For those of you who, like me, automatically think a ‘spoof’ is something funny, The Oxford English Dictionary assures us that it can also mean hoax. And there was nothing funny about this phone scam.

Peter Brooker, head of corporate affairs at PayPoint, alerted me to a new warning that Ofcom recently posted on its website that it calls ‘Spoofed by phone number scams’.

The Ofcom site, under its advice for consumers and businesses, says: “Many phone handsets now let you see the number of the person calling before you answer. This feature - known as ‘Caller ID’ or ‘Calling Line Identity’ - is a way of screening the calls you want to answer. However, there have been growing instances of nuisance callers and criminals deliberately changing the Caller ID, a practice known as ‘spoofing’.”
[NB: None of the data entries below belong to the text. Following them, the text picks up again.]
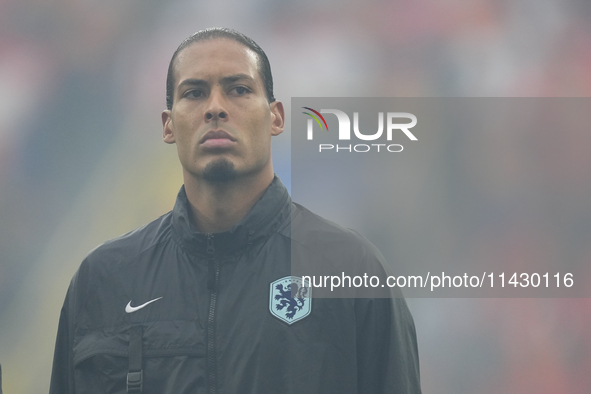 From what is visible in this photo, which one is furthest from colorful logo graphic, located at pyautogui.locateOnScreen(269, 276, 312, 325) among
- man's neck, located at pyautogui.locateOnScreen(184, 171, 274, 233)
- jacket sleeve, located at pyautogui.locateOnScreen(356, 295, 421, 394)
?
man's neck, located at pyautogui.locateOnScreen(184, 171, 274, 233)

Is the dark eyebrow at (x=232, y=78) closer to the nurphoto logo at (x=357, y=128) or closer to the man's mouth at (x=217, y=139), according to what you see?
the man's mouth at (x=217, y=139)

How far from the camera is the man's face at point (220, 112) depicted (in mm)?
1983

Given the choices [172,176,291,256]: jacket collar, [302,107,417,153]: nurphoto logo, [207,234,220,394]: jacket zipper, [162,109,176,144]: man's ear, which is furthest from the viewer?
[302,107,417,153]: nurphoto logo

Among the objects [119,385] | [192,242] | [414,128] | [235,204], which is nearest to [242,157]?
[235,204]

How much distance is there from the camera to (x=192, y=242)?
199 cm

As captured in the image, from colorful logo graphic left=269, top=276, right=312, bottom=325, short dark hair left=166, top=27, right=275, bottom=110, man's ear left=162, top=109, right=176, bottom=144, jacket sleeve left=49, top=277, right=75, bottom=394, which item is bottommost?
jacket sleeve left=49, top=277, right=75, bottom=394

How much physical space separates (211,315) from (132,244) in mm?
477

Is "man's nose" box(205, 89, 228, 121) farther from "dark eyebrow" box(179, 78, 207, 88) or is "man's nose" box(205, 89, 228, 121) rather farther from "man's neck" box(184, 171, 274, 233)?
"man's neck" box(184, 171, 274, 233)

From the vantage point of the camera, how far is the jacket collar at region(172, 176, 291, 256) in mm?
1954

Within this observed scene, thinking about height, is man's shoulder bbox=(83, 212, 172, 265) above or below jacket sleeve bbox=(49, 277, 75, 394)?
above

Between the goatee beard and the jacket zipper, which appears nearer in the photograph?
the jacket zipper

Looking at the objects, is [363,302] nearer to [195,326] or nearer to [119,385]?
[195,326]

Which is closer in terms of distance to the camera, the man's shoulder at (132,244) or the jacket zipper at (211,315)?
the jacket zipper at (211,315)

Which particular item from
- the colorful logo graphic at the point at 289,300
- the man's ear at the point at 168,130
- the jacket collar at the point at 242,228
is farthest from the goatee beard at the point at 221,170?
the colorful logo graphic at the point at 289,300
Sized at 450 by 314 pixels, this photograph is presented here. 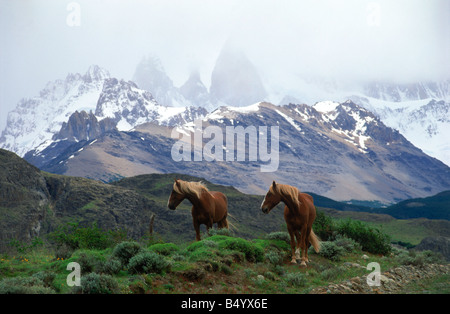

It adds that sometimes there’s a good reason for a caller to modify the Caller ID (for example, a caller who wishes to leave an 0800 number for you to call back if you want).However, with ‘spoofing’, callers deliberately change it. They do this to either hide their identity, or to try to mimic the number of a real company, or person who has nothing to do with the real caller. The latter is what happened to PayPoint retailers who recognised the number as PayPoint’s call centre and got conned. PayPoint subsequently lobbied Ofcom on this criminal practice.

“While an article on a website won’t stop it happening,” says Peter Brooker, “at least it shows the issue is climbing up the radar and confirms that the ‘Internet Engineering Task Force’, which helps to develop internet standards, is taking it seriously by creating a group specifically to tackle this issue.”